Flatten XML
The Flatten XML transform turns rows of data containing XML text into separate columns for each of its values. XML is a common result of using the Generic Web data provider to connect to online data sources, for example.
1. Input
The Flatten XML transform requires one column containing XML text.
There might be only one row containing all of the XML, or it could be split into multiple rows.
2. Add the transform
Optionally, click to select an existing connection between two of your transforms where you want to insert one.
In the toolbar, choose Insert Other, then Flatten XML.
If you didn't select an insertion point earlier, click and drag from the transform you want to use as input onto the new transform to connect it.
The transform initially appears red because it requires configuration.
3. Configure
Open the configuration dialog by clicking or right-clicking the new transform and choosing Configure in the toolbar or menu (or double-clicking the transform).
If your input has more than one column, set the Input Element dropdown to the one containing XML text.
Next, click Discover to automatically populate mappings and other details defining the structure and data types of your columns based on the current input XML. A notification will appear in the lower right corner of the screen when complete, often right away.
If the XML contains prefixes (e.g., <prefix:element>...), these may have been populated under the Namespaces heading along with their corresponding URLs in order to parse the XML correctly.
3.1. Editing mappings
Click Mappings to confirm or change the discovered mappings, although this is typically not required.
The initial Mappings dialog shows the top level of the discovered elements in your XML.

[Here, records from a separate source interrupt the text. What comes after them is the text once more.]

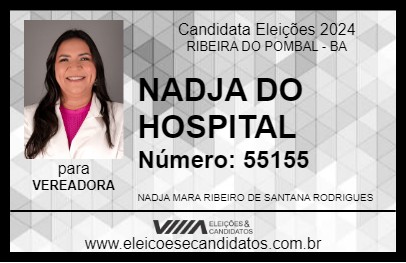 Candidato NADJA DO HOSPITAL 2024 - RIBEIRA DO POMBAL - Eleições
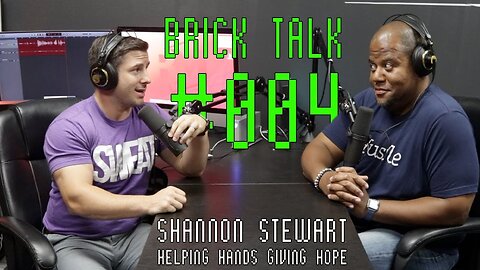 Brick Talk #004 - Shannon Stewart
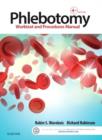 Phlebotomy : Worktext and Procedures Manual - Book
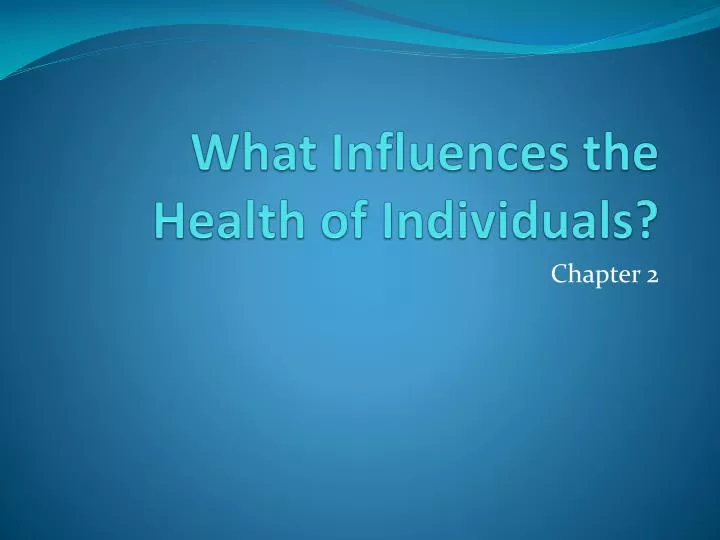 what influences the health of individuals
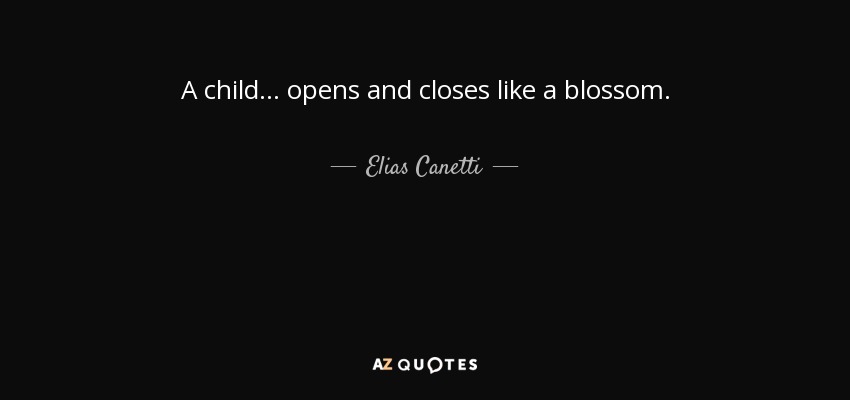 A child. . . opens and closes like a blossom. - Elias Canetti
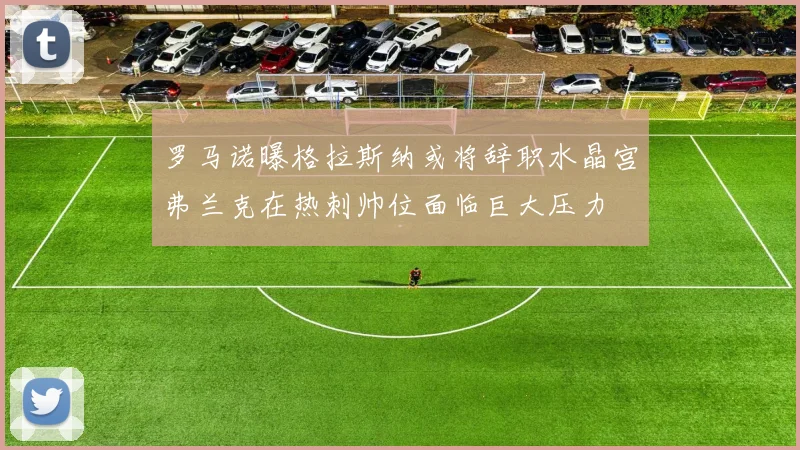 罗马诺曝格拉斯纳或将辞职水晶宫弗兰克在热刺帅位面临巨大压力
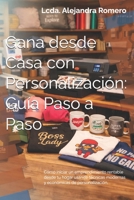 Gana desde Casa con Personalización: Guía Paso a Paso: Cómo iniciar un emprendimiento rentable desde tu hogar usando técnicas modernas y económicas de personalización. (Spanish Edition) B0G7Y4S6X6 Book Cover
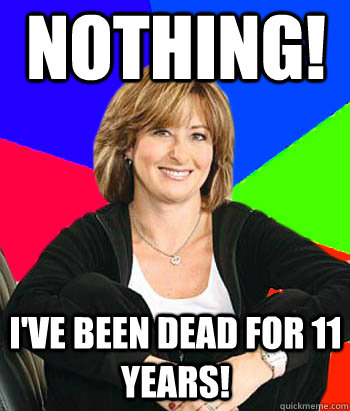 NOthing! I've been dead for 11 years! - NOthing! I've been dead for 11 years!  Sheltering Suburban Mom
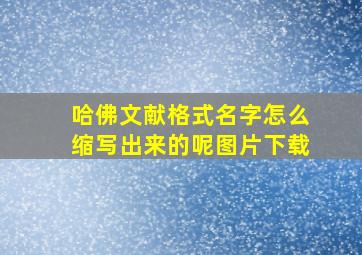 哈佛文献格式名字怎么缩写出来的呢图片下载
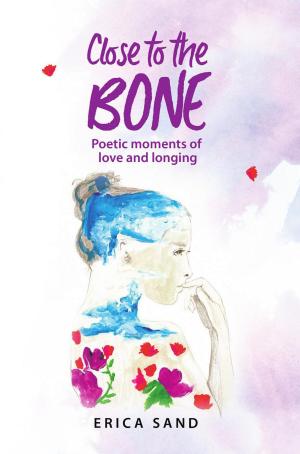 Cover of the book Close to the Bone by Brian Colborne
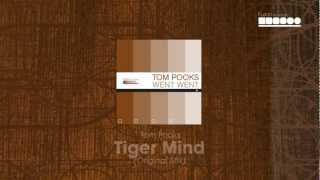 Tom Pooks - Tiger Mind (Original Mix)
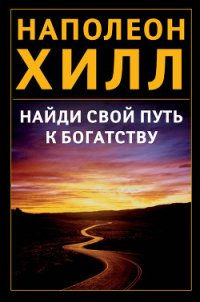 Найди свой путь к богатству - Хилл Наполеон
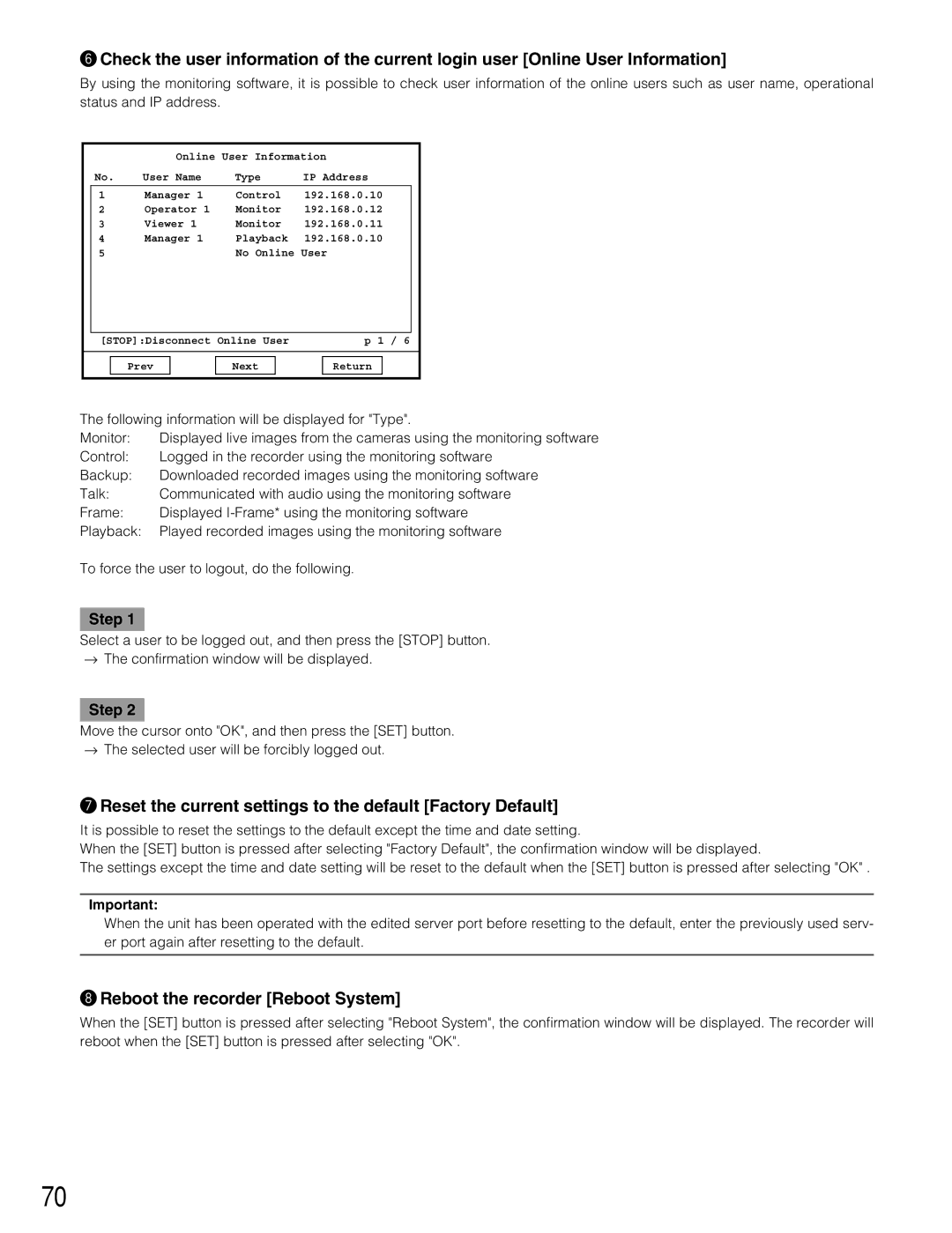 Panasonic WJ-RT416 Reset the current settings to the default Factory Default, Reboot the recorder Reboot System, Monitor 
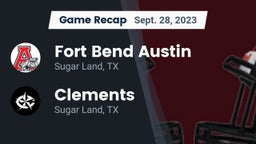 Recap: Fort Bend Austin  vs. Clements  2023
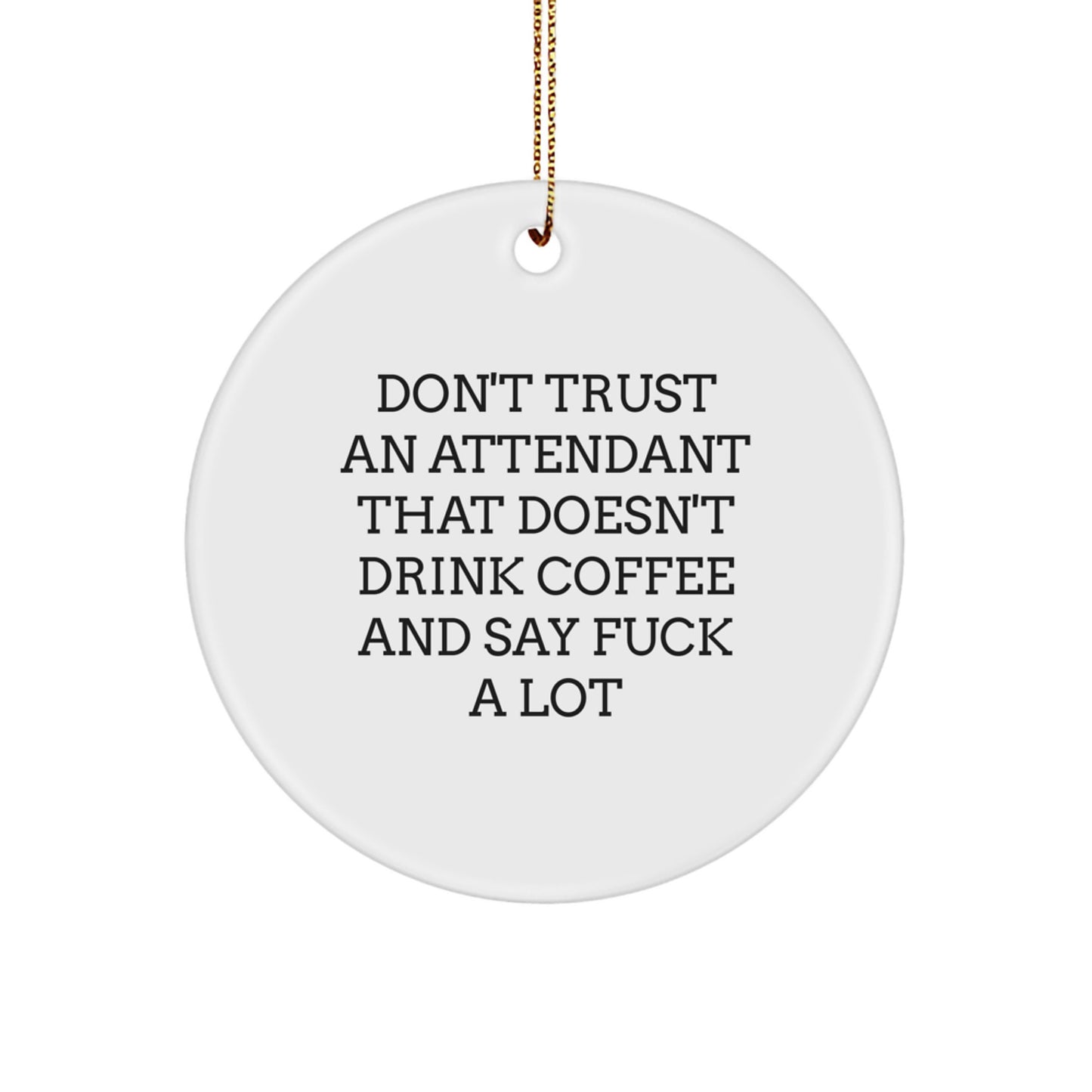 Funny Attendant Gifts from Friends for Attendants - Circle Ornament, Don't Trust An 'Attendant That Doesn't Drink Coffee And Say F--k A Lot' Christmas Unique Gifts - Image 1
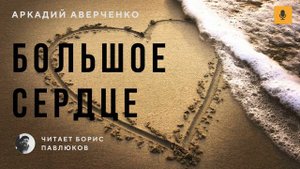 Аркадий Аверченко "Большое сердце"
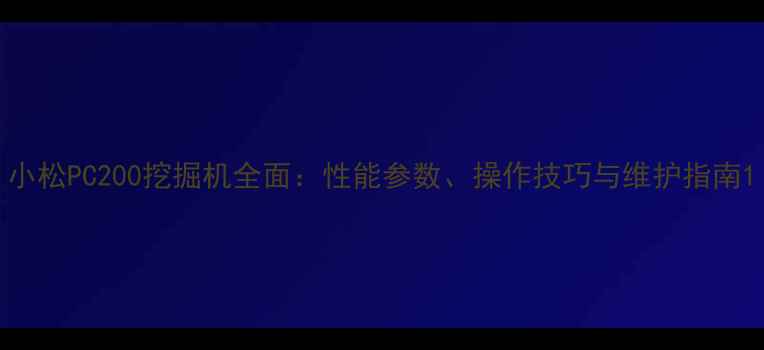 图片 小松PC200挖掘机全面：性能参数、操作技巧与维护指南1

Your top-level element might only contain child or sub-elements like the example above rather than directly containing data.
Click the Edit icon for a mapping to open its details.
The Mapping Path is set using XPath syntax to refer to an element or attribute value in the XML.
A selected Record Selector option indicates that this mapping represents multiple child elements that will each be transformed into a record.
Click on Child Mappings for this type of mapping to open another Mappings dialog like the first one above, this time for the child element.
Mappings representing data that will be turned into columns will have a type listed in the Data Type column. You can edit these mappings if you want to change the data type to something else that will be compatible with that property's values.
A mapping with [Record Selector] as its column name indicates there can be multiple child elements of that type within each of the current parent element type, so the child elements will be turned into multiple records (rows of data) and then combined/joined with the parent record. Only one of these can be enabled at each level of mappings at a time to prevent excessive duplication of the parent record's values.
You can exclude a mapping from the transform output by unchecking its checkbox along the left, or delete it using the icon along the right.
4. Output
After submitting the configuration dialogs, you can preview the output by opening the Data Preview window with the transform selected.
You can configure other standard transform options such as parameters and output elements by configuring the transform again.